11 Nine ~10 kg samples were collected from metasandstone/ siltstone lithologies from the different lithotectonic belts described above (Fig. 3 shows representative rock types). The sample locations are plotted on Figure 2 and corresponding UTM coordinates and notes on the collected rock types are provided in Appendix A. After thin sections were made for petrographic description (details in Cartwright 2018), each sample was disaggregated by standard crushing and milling techniques. This material was then sieved to obtain a <250 µm fraction which was washed to remove dust and dried before magnetic minerals were removed, first with a hand magnet, and then with the aid of a Frantz Isodynamic Magnetic Separator. The non-magnetic fraction was then subjected to heavy liquid settling separation using Methylene Iodide, which has a specific gravity of 3.3. To remove remaining high density, low magnetism minerals such as pyrite and rutile, the mineral separates were subjected to 45-minute HF-nitric acid baths, leaving separates that in most cases largely consisted of zircon.

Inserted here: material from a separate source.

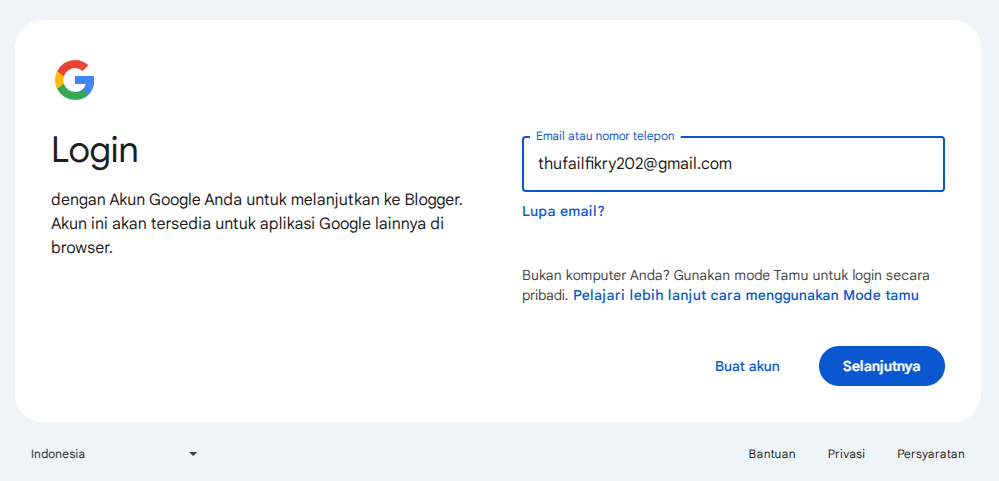 cara membuat blog - 2. login akun google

Figure 3. Representative outcrop photographs and thin section photomicrographs from the samples analyzed. (a) SC-8 sample location: interlayered quartzite (beneath hammer handle) and mica schist (beneath hammer head) of the Cape Elizabeth Formation of the Casco Bay Group. (b) SC-6 sample location: interlayered feldspathic quartzite and staurolite schist of the Appleton Ridge Formation of the Fredericton trough. (c) SC-9 photomicrograph (XPL) of biotite granofels from the Vassalboro Group of the Central Maine basin (note the large highly birefringent zircon grain in the center). (d) SC-7 photomicrograph (XPL) of metasiltstone of the Ghent Phyllite of the Fredericton trough. (e) SC-5 photomicrograph (XPL) of quartzite from the Jam Brook Complex. (f) SC-4 photomicrograph (XPL) of quartzite from the Jam Brook Complex.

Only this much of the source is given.